Records shown
━━━━━━━━━━

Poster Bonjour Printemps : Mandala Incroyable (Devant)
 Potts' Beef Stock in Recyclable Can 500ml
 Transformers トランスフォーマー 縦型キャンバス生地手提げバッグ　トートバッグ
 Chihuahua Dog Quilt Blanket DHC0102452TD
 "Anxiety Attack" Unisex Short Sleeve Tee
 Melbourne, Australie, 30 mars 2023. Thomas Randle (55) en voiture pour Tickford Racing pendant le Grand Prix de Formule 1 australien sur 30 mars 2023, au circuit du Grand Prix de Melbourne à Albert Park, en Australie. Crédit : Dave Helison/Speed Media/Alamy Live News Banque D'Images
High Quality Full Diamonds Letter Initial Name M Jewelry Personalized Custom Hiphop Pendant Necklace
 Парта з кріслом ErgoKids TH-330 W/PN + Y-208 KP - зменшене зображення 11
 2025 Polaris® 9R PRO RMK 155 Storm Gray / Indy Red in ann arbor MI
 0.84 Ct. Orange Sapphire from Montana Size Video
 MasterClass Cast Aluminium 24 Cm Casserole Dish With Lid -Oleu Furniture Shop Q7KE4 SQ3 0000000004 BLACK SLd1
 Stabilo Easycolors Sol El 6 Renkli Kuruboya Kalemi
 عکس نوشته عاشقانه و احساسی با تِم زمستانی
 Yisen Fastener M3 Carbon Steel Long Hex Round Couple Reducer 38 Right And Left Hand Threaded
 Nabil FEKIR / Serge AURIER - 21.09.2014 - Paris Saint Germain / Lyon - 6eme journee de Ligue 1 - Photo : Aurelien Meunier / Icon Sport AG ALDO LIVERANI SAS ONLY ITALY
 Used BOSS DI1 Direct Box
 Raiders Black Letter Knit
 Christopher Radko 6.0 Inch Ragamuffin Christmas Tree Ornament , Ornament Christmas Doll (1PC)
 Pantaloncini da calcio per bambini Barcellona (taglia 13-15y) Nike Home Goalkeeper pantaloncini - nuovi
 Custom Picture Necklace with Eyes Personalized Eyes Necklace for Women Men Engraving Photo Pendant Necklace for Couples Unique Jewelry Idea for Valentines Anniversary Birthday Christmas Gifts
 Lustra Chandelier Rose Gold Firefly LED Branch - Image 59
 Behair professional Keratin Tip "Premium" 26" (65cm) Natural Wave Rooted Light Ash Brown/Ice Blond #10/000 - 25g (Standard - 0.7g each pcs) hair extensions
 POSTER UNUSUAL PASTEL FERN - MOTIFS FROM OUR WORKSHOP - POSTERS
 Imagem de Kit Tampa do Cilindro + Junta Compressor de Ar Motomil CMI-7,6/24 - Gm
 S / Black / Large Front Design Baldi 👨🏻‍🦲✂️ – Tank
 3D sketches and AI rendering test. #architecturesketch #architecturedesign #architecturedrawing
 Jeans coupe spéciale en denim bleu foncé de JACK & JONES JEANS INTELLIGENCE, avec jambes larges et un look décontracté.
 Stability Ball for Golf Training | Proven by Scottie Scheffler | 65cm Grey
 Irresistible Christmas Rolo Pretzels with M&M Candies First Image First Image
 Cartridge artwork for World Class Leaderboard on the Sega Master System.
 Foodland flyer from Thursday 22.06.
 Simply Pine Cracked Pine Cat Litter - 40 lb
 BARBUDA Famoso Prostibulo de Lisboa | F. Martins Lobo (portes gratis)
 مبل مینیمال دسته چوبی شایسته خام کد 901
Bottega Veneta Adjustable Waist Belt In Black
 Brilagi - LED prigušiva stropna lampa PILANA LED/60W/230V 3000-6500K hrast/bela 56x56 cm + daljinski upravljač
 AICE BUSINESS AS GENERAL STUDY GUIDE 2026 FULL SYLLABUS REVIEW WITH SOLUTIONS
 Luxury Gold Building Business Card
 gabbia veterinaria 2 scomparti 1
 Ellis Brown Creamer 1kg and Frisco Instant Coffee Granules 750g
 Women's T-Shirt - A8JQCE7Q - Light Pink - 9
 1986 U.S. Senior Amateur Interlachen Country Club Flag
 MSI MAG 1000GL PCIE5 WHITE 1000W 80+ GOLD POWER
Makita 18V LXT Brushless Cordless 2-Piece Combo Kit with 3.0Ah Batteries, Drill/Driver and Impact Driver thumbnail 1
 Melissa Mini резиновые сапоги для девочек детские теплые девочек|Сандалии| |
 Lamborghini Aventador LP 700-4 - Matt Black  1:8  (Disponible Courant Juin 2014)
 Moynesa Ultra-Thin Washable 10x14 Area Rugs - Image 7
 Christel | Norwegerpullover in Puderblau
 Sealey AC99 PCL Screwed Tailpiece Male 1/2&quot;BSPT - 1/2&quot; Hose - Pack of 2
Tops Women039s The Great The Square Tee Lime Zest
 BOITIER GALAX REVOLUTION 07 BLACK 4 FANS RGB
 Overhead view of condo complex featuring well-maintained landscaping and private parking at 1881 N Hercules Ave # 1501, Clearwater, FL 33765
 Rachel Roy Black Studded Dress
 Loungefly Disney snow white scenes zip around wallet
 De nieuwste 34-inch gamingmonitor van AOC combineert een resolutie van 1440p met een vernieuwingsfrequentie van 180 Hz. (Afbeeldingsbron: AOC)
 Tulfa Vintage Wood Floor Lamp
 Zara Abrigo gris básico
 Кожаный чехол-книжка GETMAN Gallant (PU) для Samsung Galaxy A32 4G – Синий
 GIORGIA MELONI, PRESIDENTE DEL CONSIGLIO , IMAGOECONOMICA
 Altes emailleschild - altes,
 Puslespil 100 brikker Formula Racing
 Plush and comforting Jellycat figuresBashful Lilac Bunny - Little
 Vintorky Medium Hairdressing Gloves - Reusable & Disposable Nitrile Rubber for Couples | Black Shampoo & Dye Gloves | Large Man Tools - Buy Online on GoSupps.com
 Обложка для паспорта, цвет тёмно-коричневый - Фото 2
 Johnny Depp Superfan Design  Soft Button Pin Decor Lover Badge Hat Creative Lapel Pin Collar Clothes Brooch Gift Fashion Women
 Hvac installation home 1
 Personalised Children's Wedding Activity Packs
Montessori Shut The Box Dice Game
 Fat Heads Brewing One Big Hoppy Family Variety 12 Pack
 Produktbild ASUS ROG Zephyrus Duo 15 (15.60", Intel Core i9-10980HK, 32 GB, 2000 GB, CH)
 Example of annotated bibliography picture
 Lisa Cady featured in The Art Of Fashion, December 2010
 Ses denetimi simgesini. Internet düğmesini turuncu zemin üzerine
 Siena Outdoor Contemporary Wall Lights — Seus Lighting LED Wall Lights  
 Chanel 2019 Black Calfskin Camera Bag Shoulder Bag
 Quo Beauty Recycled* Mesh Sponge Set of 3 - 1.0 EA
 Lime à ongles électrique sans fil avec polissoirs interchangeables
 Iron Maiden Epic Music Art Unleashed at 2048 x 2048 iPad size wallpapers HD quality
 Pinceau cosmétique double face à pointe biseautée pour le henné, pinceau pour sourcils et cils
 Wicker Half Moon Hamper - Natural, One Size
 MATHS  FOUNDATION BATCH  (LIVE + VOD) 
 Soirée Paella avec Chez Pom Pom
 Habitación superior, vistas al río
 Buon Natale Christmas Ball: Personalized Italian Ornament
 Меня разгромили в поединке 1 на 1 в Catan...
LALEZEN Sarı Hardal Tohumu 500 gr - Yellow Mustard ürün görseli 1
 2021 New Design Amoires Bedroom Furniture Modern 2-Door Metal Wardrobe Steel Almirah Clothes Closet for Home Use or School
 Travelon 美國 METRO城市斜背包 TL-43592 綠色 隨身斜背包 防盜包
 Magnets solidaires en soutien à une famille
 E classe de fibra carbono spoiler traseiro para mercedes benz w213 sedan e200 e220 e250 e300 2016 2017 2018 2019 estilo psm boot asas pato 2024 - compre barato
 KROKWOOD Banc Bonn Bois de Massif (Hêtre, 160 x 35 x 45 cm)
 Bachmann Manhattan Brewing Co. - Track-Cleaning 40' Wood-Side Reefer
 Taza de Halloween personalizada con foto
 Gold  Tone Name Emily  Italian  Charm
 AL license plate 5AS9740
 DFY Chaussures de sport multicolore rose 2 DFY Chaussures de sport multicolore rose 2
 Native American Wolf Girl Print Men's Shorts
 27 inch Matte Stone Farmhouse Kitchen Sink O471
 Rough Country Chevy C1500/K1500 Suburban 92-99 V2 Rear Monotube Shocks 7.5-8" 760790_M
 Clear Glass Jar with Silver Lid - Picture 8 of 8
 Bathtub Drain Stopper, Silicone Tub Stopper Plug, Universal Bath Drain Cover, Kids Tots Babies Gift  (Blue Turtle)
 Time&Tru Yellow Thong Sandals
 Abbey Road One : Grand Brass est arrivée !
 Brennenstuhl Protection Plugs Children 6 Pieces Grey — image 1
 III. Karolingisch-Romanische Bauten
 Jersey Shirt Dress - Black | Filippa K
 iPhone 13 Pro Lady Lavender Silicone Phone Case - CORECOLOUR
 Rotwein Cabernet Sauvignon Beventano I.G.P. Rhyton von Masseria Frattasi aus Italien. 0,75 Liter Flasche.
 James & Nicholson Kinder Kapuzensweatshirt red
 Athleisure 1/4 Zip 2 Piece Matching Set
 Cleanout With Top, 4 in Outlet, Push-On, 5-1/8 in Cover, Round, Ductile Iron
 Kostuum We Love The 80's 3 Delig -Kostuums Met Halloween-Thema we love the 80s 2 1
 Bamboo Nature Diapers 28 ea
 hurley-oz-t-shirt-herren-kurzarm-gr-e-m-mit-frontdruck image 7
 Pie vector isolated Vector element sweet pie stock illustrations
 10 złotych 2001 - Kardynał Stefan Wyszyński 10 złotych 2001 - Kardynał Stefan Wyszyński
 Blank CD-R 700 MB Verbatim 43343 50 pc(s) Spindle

━━━━━━━━━━

Work to complete
Gather and copy every line of the data in which the string "Grand" is found.

Answer space
 Melbourne, Australie, 30 mars 2023. Thomas Randle (55) en voiture pour Tickford Racing pendant le Grand Prix de Formule 1 australien sur 30 mars 2023, au circuit du Grand Prix de Melbourne à Albert Park, en Australie. Crédit : Dave Helison/Speed Media/Alamy Live News Banque D'Images
 Abbey Road One : Grand Brass est arrivée !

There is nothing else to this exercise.